Sadly, it appears that the 360 version of the game is notably inferior in several areas, first of which being the exclusion of 5 console specific characters on the PS3, second being the inability to do team-play locally on Xbox Live.

Overall, SFxT is shaping up for me to be one of the most enjoyable releases of the past many years, cherry picking some of the great aspects from recent and historical releases into a new format that scratches the right spot. It is a game that deserved to be decent and it definitely “crossed the line.”

As for the DLC debacle…that is an article for another day.

“Fan”-ning the Flames: “Mega Man” in Street Fighter x Tekken

27 01 2012

I do enjoy a good troll once in a while and the particularly epic series of trolling from Capcom over the still-recent Megaman hullabaloo has been good for several chuckles and shakes of the head. However the latest development in this series of trolling has perhaps gouged a little too deep, even for the amused observer, and unearthed a lot of interesting questions about how companies should handle their own intellectual property.

For those who have not been following the Megaman fallout closely, I will give you a brief, abridged timeline of the key events that lead up to the current debacle:

1987-2009: Megaman, a.k.a. Rockman, is one of the most well known and beloved franchises in the history of video games, selling around 29 million copies over the life of the franchise worldwide. The iconic “blue bomber” has starred in a long running series of games, side series, spinoff games, and even his own animated series.

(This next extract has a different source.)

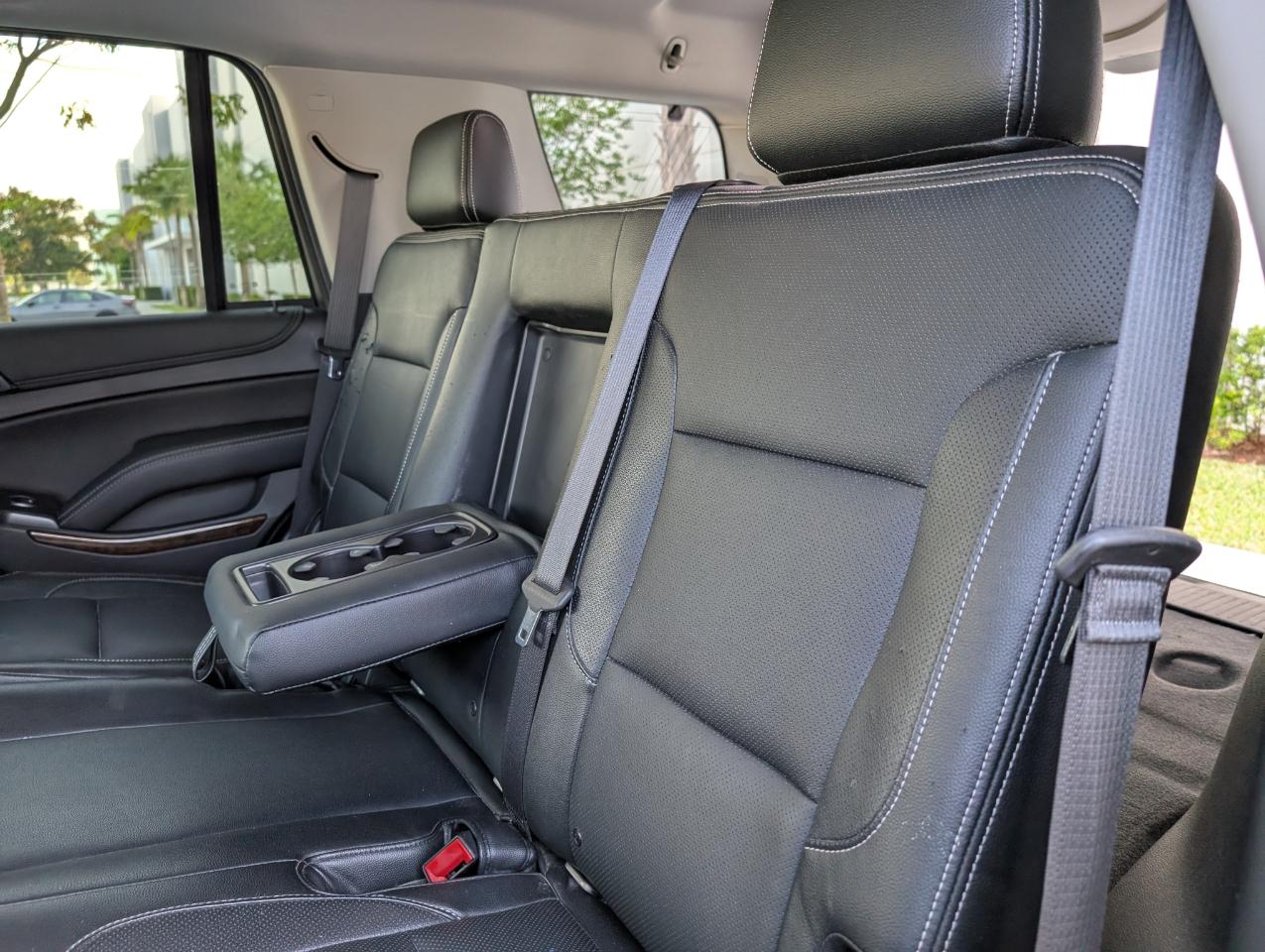 Chevrolet Tahoe LS 4WD 2020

Fans eagerly await the upcoming Megaman Legends 3, the anticipated new entry in a highly popular spinoff series.

2010: Keiji Inafune, lead producer of the Megaman series for over 22 years, announces his departure from Capcom due to what is speculated to be “creative differences.”

2011: Trolling begins. Development on Megaman Legends 3 is suspended indefinitely. The long awaited Marvel vs. Capcom 3 is released, with the iconic Megaman being conspicuously absent from the cast, although his partner Zero is included, as well as Tron Bonne from the Legends line of games.

Late 2011: Despite huge volume of fan requests, Megaman is still absent from the follow up Ultimate Marvel vs. Capcom 3, which introduced 12 new characters to the roster. DLC costumes for various characters are teasing acknowledgements and “tributes” to Megaman.

2012: 25th anniversary of the franchise. Proclaiming that “this is my destiny!”, “Mega Man” is announced for the upcoming crossover fighting game Street Fighter x Tekken and he looks like this:

This is my destiny!

At this point I think it is apparent to anyone what Capcom is up to. Petty revenge certainly comes to mind as a way of getting back at Inafune for bailing on the company by way of mistreating his beloved creation. But it is also a pretty flagrant F U to the fans, who have been clamoring for the inclusion of the classic character in some of the more significant releases by the company which are meant to showcase their “mascot” characters. What is baffling is how a company can blatantly snub one of its most enduring fanbases in such a backhanded way. It makes one wonder who calls the shots in the higher tiers at Capcom and what exactly is going through their mind when they sign off on such things.
The interesting question that ultimately emerges is this: How much respect does a company owe to their own intellectual property? Some companies will often make a mockery of their less successful or unpopular experiments as a way of sweeping them under the rug or “apologizing,” but that is clearly not the case in this instance; Megaman is one of the flagship franchises that put Capcom where it is today, even before the heyday of Street Fighter and the like. What they are doing is effectively holding their own character hostage and further alienating a disenchanted fanbase that represents a sizable amount of their support over the years. Is it permissible? Is it ethical? Is it business smart? We see that you know what you are doing Capcom, but with what end in mind? What will become of the Blue Bomber?

Big questions: If you create a something successful that millions of people love, how beholden are you to the IP and to your fans?